Proxy Web Logging and Search System
Part of the C2000 system deals with the logging of URL's visited in class and
their subsequent processing so that they may be displayed appropriately at the
end of the class. It is precisely for this purpose that a Proxy server is used.
The browsers in C2000 enabled classes are configured to 'go' via the Proxy. The
Proxy intercepts the URl's, logs them and if the requested Web-page is not
present in it's cache, it fetches it from the appropriate location. The C2000
Proxy server is a modified version of the Apache Web server built by the Apache
Group.
Earlier, a commercial product called 'Frontier' was used as a Web-logger but the
downside was that it only ran on Macintosh machines. This necessitated the
presence of at least one Macintosh in a C2000-enabled classroom leading to
considerable inflexibility. The Apache Proxy server on the other hand poses no
such constraints. In fact, the flexible caching options provided by the Proxy
alongwith it's potential use as a firewall have made it an ideal choice for this
project.
With this overview, let us have a look at the design aspects and data flow
involved.
High-level Architecture Diagram
Proxy Web Logging Sequence :
- The browser in a C2000-enabled class makes a Web request.

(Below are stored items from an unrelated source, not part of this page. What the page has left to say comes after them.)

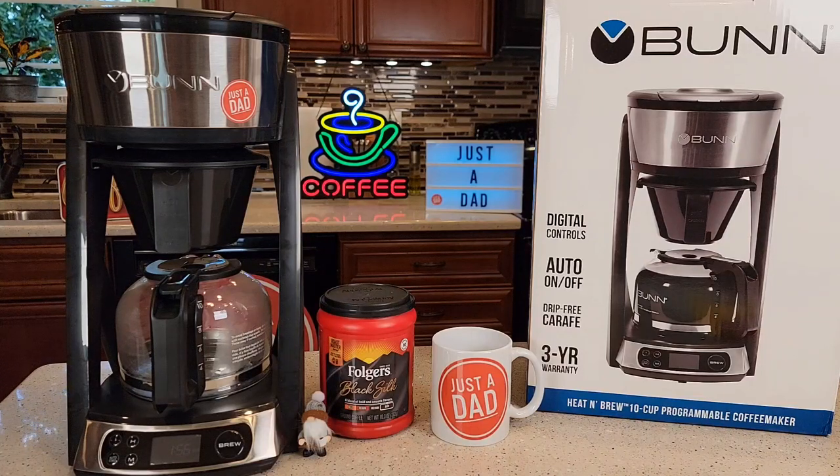Hello everyone, this is Just a Dad. Today I'm going to do a detailed review on this Bunn 10 Cup Programmable Coffee Maker. I just purchased this off of Amazon. It costs $130. I had a viewer ask me to do a review on it.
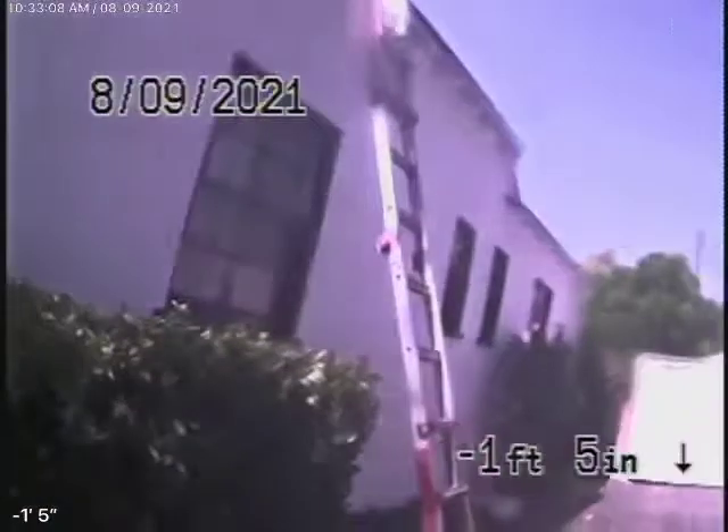Here we come out of the clean-out on the side of the house. We're going to pause the recording and get up on the roof to have a look at the sewer line from a roof vent.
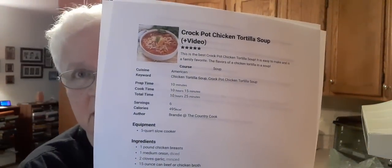I will put the link to the soup recipe in the description box. It's on my Pinterest page. It's called Crock Pot Tortilla Soup, but I'm not going to make it in a crock pot — I'm just going to simmer it on top of the stove. So let me tell you what it says it needs.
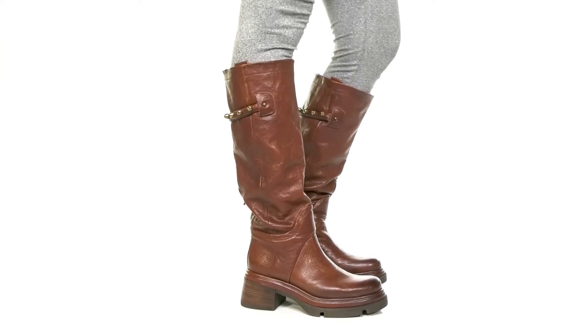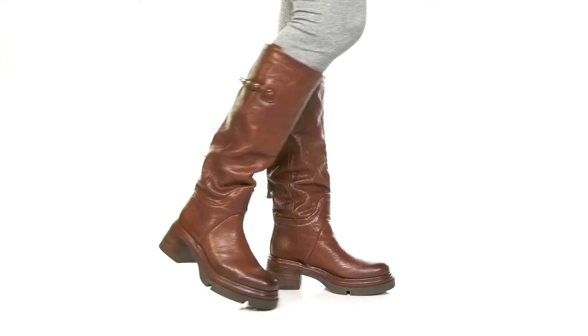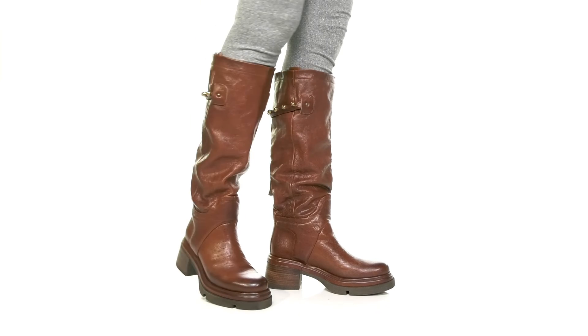A very chunky midsole will give you a very on-trend appearance. The synthetic outsole has some extra lugs and you'll love pairing these with any leather jacket this season.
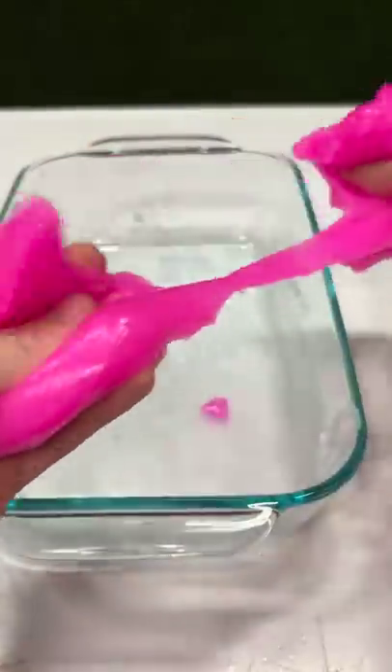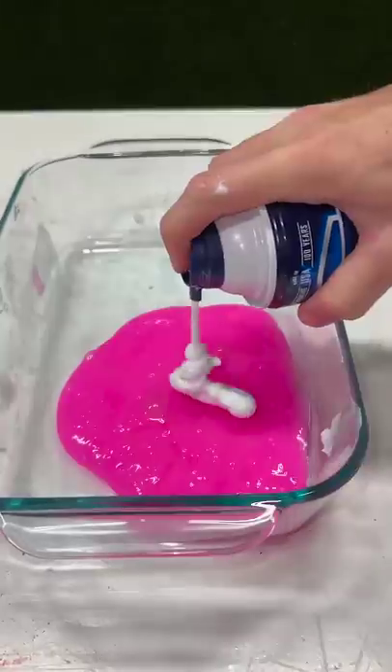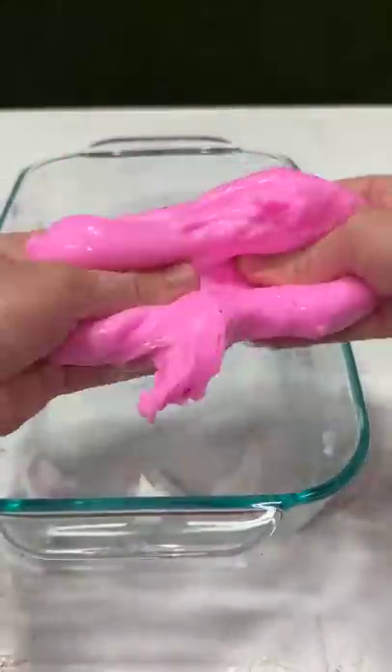Unfortunately, it was still rippy, so the next best option was adding shaving cream. This should have worked a lot better, but for some reason it didn't. I don't know how to fix it.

- The Proxy server receives the request and logs the URL.
- The Proxy checks its cache to see whether the requested page is present. If
it is, it takes the page from there; otherwise, a request is sent over the Net
as usual.
- When the page is brought in, the Proxy stores the page in it's cache.
- Modules process the URL interacting with the class and room files in the
process.
- This URL alongwith other information such as the date and time of logging
and the coursename and roomnumber of that class is stored in XML format in a
file.
Log Search Sequence :
- At the end of every C2000-enabled class StreamWeaver passes a request to a
CGI program for all the URL's visited in a particular class. It passes the
coursename as a parameter.
- The CGI program after parsing the query constructs an expression which is
used for the search.
- This expression is used by the sgrep utility to perform a search on the XML
file.
- The search results (in XML format) are passed back to StreamWeaver.
- StreamWeaver combines these results with other information such as slide
info, audio and video and outputs them to the client browser.
NOTE : In the future, we can envisage passing any number and type of
parameters to the CGI program for searching. The present system has been
developed keeping in mind this criterion and currently supports this
feature.
Installation Instructions for Webtracker v1.0
Download the source code here
Webtracker is an extension of the Apache Web server (v1.2.6) proxy module. For the instructions below, [base_directory] signifies the base directory where apache_1.2.6 would be installed. The setup in the downloaded code assumes /hm31/webtrack as the server base directory.
- Edit the configuration files httpd.conf, srm.conf and access.conf in the subdirectory called "conf".
- Go to the subdirectory "[base_directory]/apache_1.2.6/src". Open the file named constants. You will find, among other items, a list of files and their paths. Edit the paths as per your setup.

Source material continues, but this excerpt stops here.